Uhura was flirting with Spock in "The Man Trap". That scene was cut from syndication prints for decades.

true, but they never ended up in a relationship. 

And Vulcan was never destroyed either. This right here is an alternate timeline. The attraction is there, as the characters are mostly still themselves, but differing events result in differing outcomes.

the relationship with Uhura clearly started before Vulcan was destroyed.   I also somehow don't see how the destruction of Vulcan would cause Spock to abandon his Vulcan heritage of logic by having a romantic relationship.  If anything, I think the destruction of Vulcan would do the opposite.   I would think the destruction of Vulcan would make Spock to want to be more Vulcan then ever before.   He'd be one of the few Vulcans left, and he'd want the Vulcan heritage culture preserved. 

Yes, I can see how the differing timeline can cause Spock to be different, but is this the Spock we really want?   A Spock that would engage in romance?   I'm sorry I but I prefer the original Spock.   I like my Spock logical and and unemotional. 

I'm not saying that the destruction of Vulcan caused any of this. As soon as the Romulans show up and destroy the Kelvin, the universe starts to differ. That was my only point here.

timdiggerm said:

SilverWook said:

Spock seemed kind of emotional, and even smiled in "The Cage".

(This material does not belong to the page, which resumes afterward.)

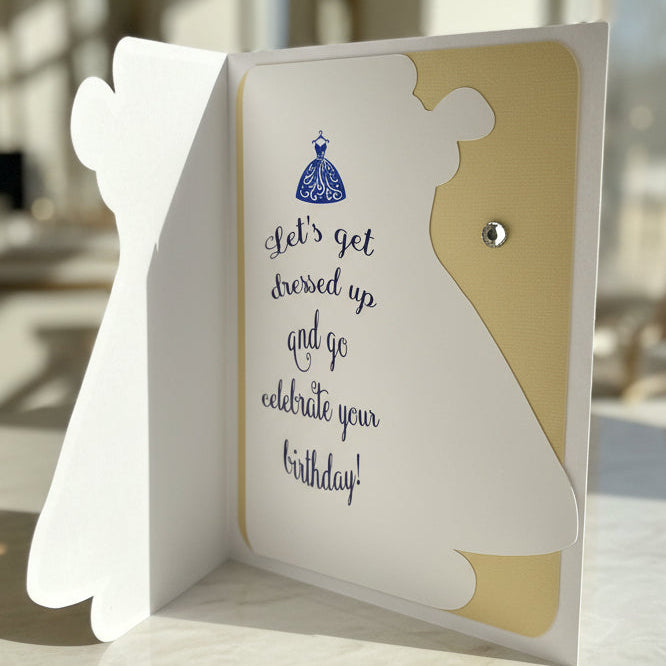 Greeting card with a dress silhouette and text on a white surface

at that time, they were still developing the character.  

Clearly you've never run into the fans who rationalize every bizarre inconsistency in TOS into canon. I can talk about this if you want.

please do.   

So, in TOS, the crew of the Enterprise is shown as having that Delta-Swoosh on their shirts, and other Federation (if a particular episode is even using that term) crews have different emblems. Cut tot the movies, a decade later, and that delta-swoosh is everywhere. In fact, it's the logo of all Starfleet. Now, one could suppose that this was the new canon, as it makes a lot of sense for all Starfleet to have one logo, and TOS's inconsistencies are to be ignored... or you could suppose that all Starfleet decided to adopt the Enterprise's emblem. For some reason, the latter is considered canon.

In Trek09, in the opening sequence, we see the USS Kelvin, before any timeline-changes take place, existing in (until the Romulans appear) the same timeline as TOS. And the crew of the Kelvin have on their shirts... The Delta-Swoosh. Now, one could suppose that they're finally going the logical route and deciding that was always Starfleet's logo and TOS is just an early inconsistency (see: Spock's emotions in The Cage?)... or you could claim that the Kelvin's emblem was passed on to the Enterprise for whatever reason in TOS and was made the emblem of all Starfleet a bit earlier in the new timeline, in memory of its destruction, blah blah blah blah blah...

Guess which one I've actually seen argued?

Bingowings said:

They are just stuffy Victorian dads with pointy ears and bad hair cuts who allow themselves to go on a murderous rampage every eight years of the long adult life.

This might be the first time I've ever agreed with Bingo.